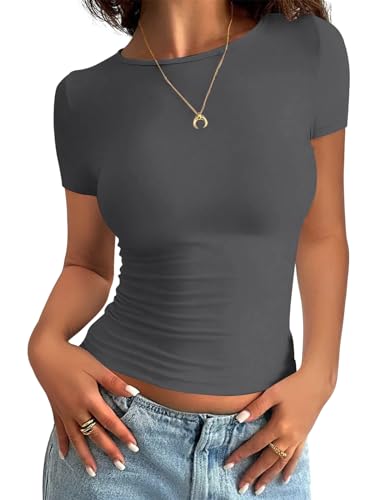 Minetom Damen T-Shirt Slim Fit Basic Kurzarm Crop Top Casual Rundhalsausschnitt Y2K Tops Sommer Oberteile Stretch Eng Mädchen Teenager Streetwear Vintage Aesthetic Outfit A Dunkelgrau L von Minetom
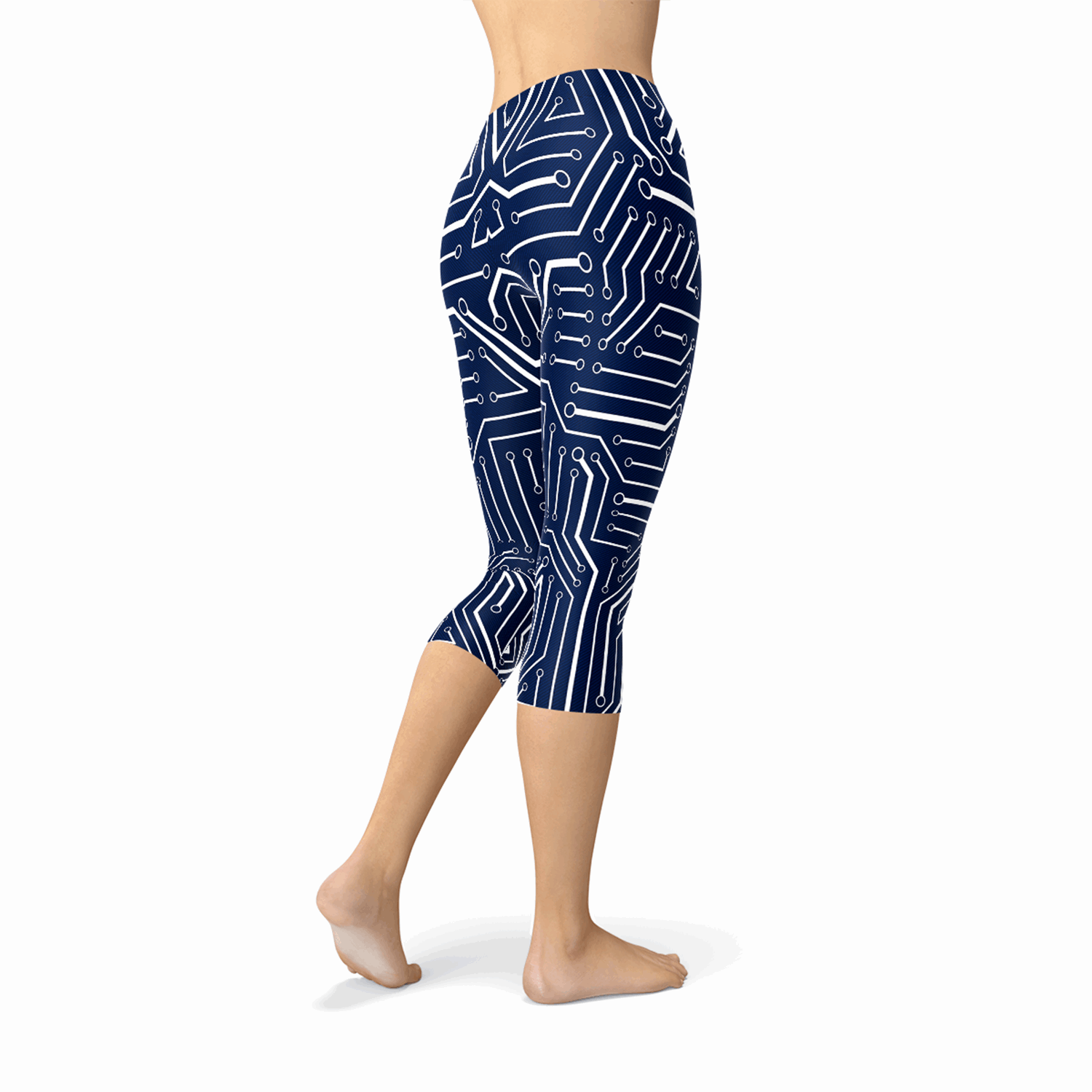 Nfin8 Dynamic Pulse Navy Blue Circuit Capri Leggings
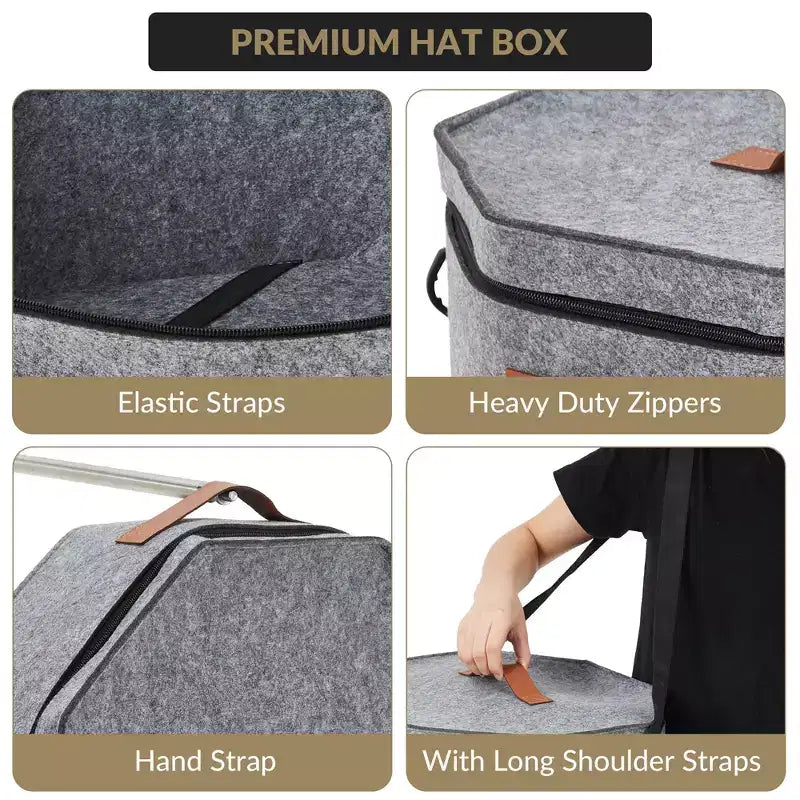 Lot de 4 boîtes de voyage pour chapeaux avec sangle, organiseur pouvant contenir 3 à 5 casquettes, 43 x 18 cm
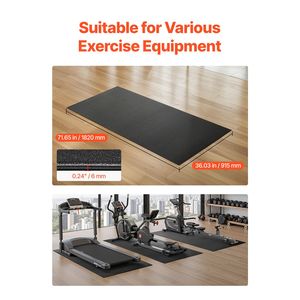 1/4\" Thick PVC Treadmill Mat 36\" X 72\" Exercise Equipment Mat for Treadmills <b>Rowing</b> <b>Machines</b> High-Density Floor Carpet Sports - Product Image 2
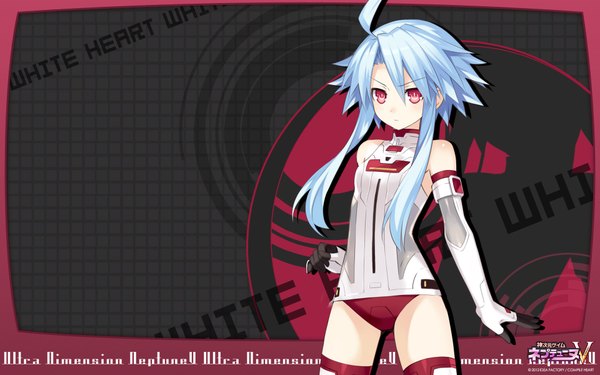 Anime picture 1920x1200 with kami jigen game neptune v white heart tsunako ranoha single long hair looking at viewer highres light erotic red eyes wide image bare shoulders blue hair ahoge wallpaper girl gloves elbow gloves
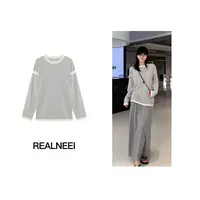 一抹杏调丨25年早秋新品绵羊毛+桑蚕丝条纹圆领毛边套头衫23396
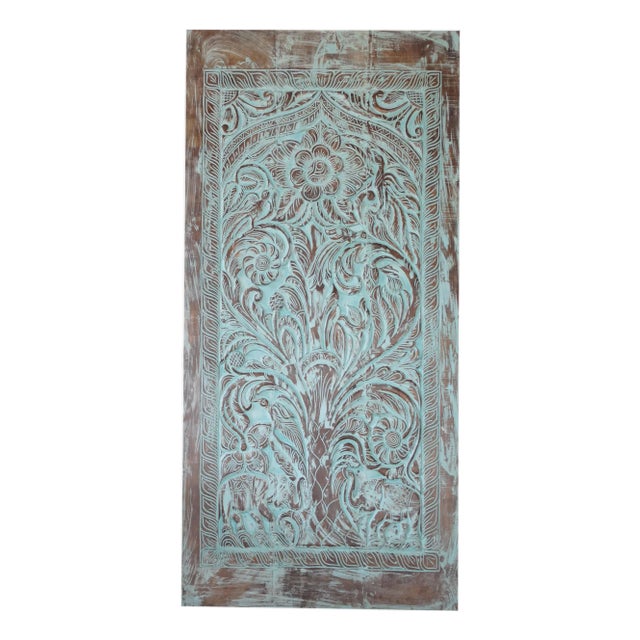 Vintage Hand-Carved Tree of Life – Reclaimed Wood Barn Door Wall Art Panel 84x41 For Sale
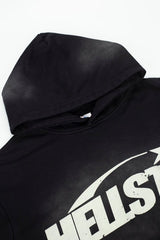 Retro Distressed Print Loose Fit Streetwear Black Hoodie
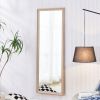 Third generation, light oak solid wood frame full-length mirror, large floor standing mirror, dressing mirror, decorative mirror, suitable for bedroom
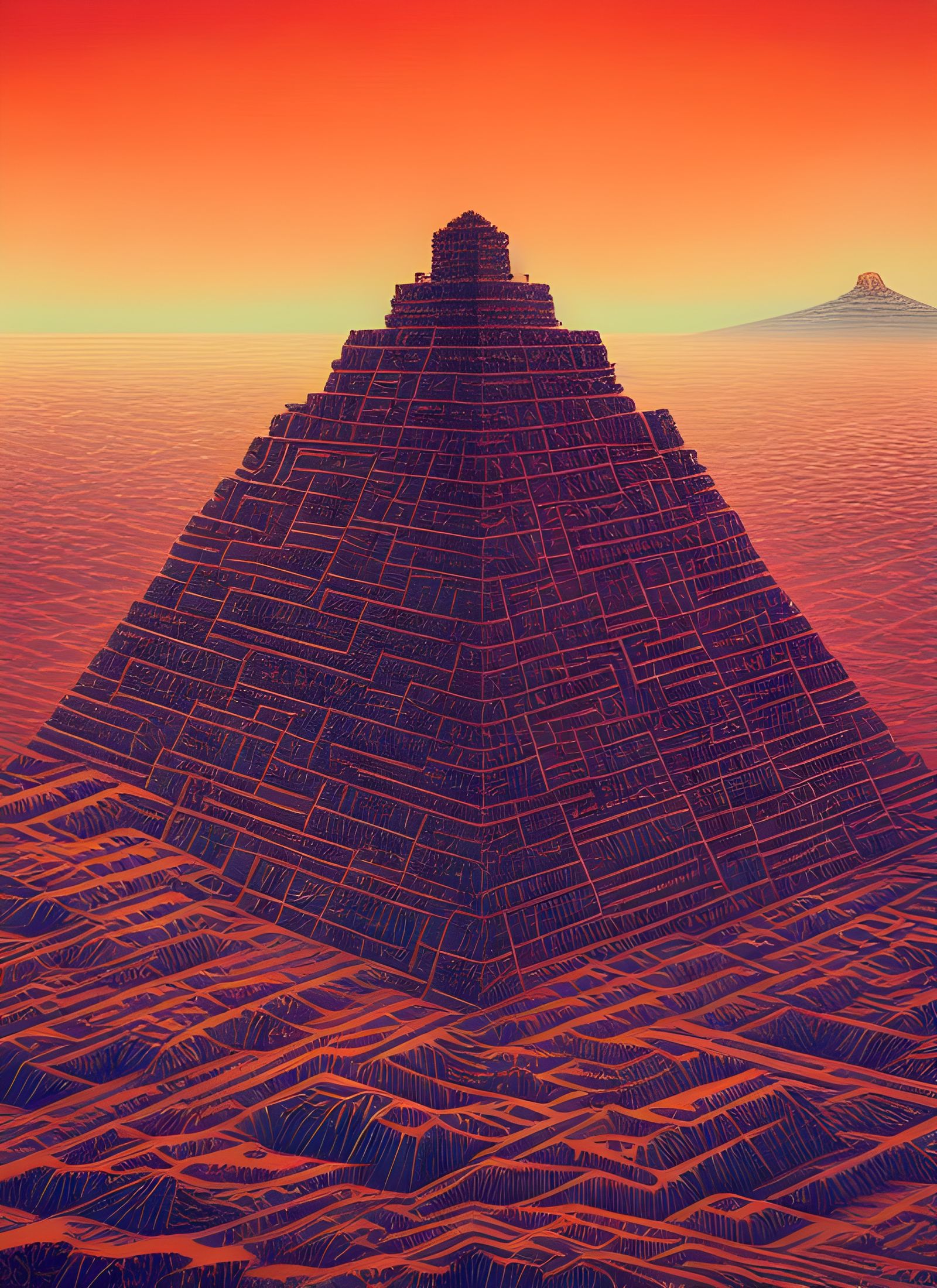 Desert Ziggurat: Matte Painting Fantasy Art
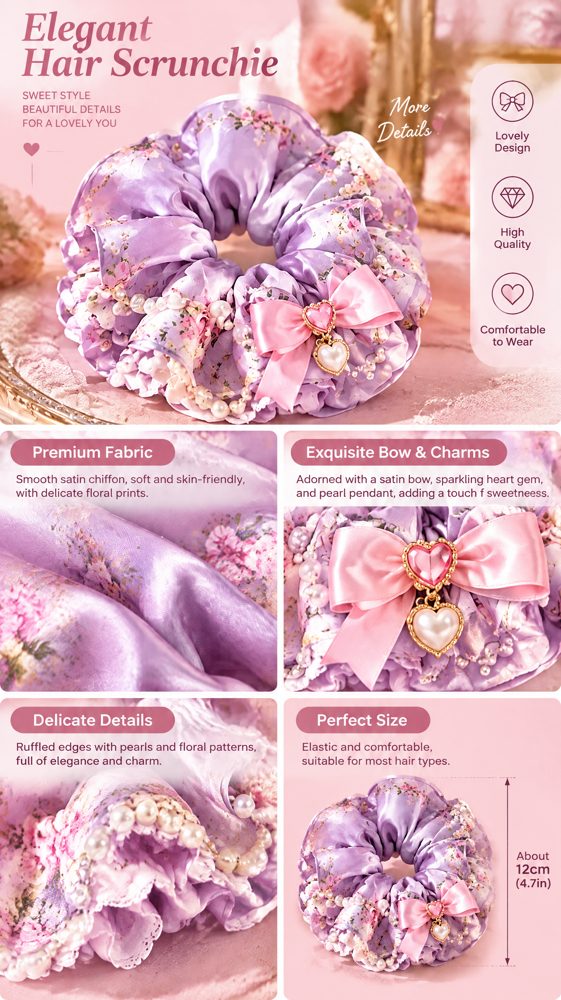 QVZJX Lavender Floral Pearl Bow Scrunchie — photo 5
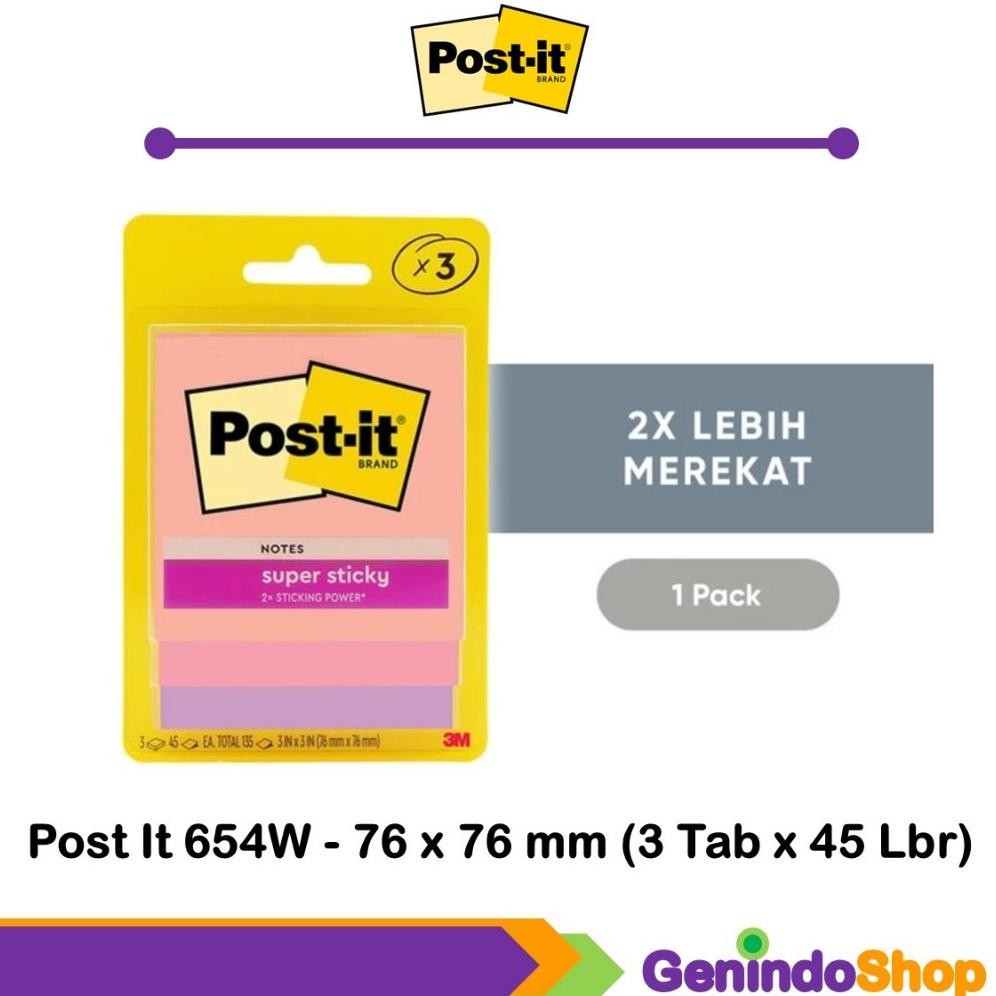

3M - POST IT 654 Warna 76x76mm (3 Warna x 45 Lembar) AST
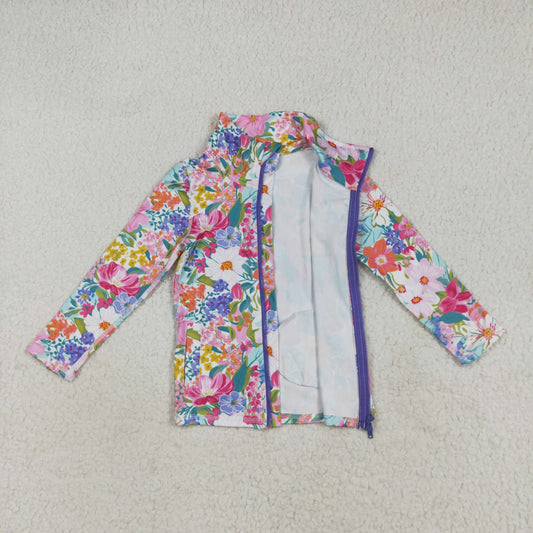 GT1061 Girls Boutique Yoga Clothes Rose Red Flower Stand-Up  Zippy Long Sleeve Top 202507 RTS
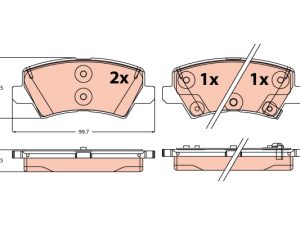 Set placute frana TRW GDB2248 – KIA | AutoRival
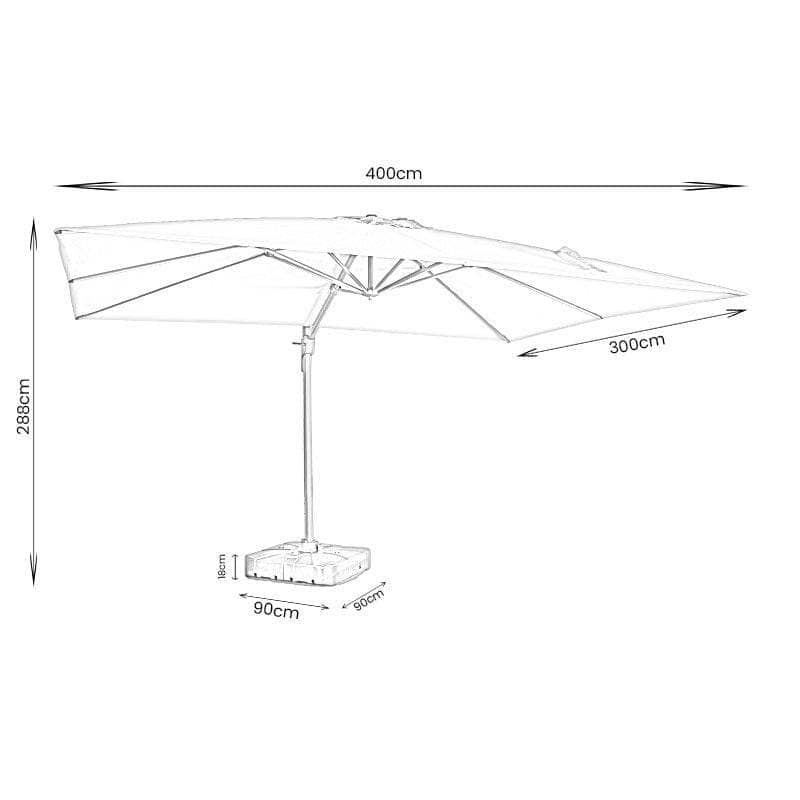 Gardening  -  Weatherking Lazio 4x3m Parasol & Base - Taupe  -  60009027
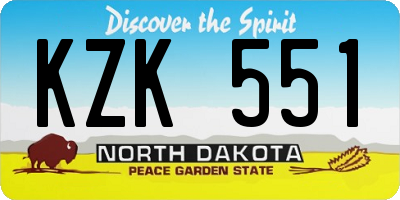 ND license plate KZK551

◆ What you will do: Copy out each record shown above without alteration, skipping any picture.

◆ Solution to this task:
 Minetom Damen T-Shirt Slim Fit Basic Kurzarm Crop Top Casual Rundhalsausschnitt Y2K Tops Sommer Oberteile Stretch Eng Mädchen Teenager Streetwear Vintage Aesthetic Outfit A Dunkelgrau L von Minetom
 Nfin8 Dynamic Pulse Navy Blue Circuit Capri Leggings
 Lot de 4 boîtes de voyage pour chapeaux avec sangle, organiseur pouvant contenir 3 à 5 casquettes, 43 x 18 cm
 1/4\" Thick PVC Treadmill Mat 36\" X 72\" Exercise Equipment Mat for Treadmills <b>Rowing</b> <b>Machines</b> High-Density Floor Carpet Sports - Product Image 2
 Anime picture 1920x1200 with kami jigen game neptune v white heart tsunako ranoha single long hair looking at viewer highres light erotic red eyes wide image bare shoulders blue hair ahoge wallpaper girl gloves elbow gloves
 一抹杏调丨25年早秋新品绵羊毛+桑蚕丝条纹圆领毛边套头衫23396
 Vintage Hand-Carved Tree of Life – Reclaimed Wood Barn Door Wall Art Panel 84x41 For Sale
 Retro Distressed Print Loose Fit Streetwear Black Hoodie
 Third generation, light oak solid wood frame full-length mirror, large floor standing mirror, dressing mirror, decorative mirror, suitable for bedroom
 Desert Ziggurat: Matte Painting Fantasy Art
 QVZJX Lavender Floral Pearl Bow Scrunchie — photo 5

3M - POST IT 654 Warna 76x76mm (3 Warna x 45 Lembar) AST
 GT1061 Girls Boutique Yoga Clothes Rose Red Flower Stand-Up  Zippy Long Sleeve Top 202507 RTS
 Set placute frana TRW GDB2248 – KIA | AutoRival
 Gardening  -  Weatherking Lazio 4x3m Parasol & Base - Taupe  -  60009027
 ND license plate KZK551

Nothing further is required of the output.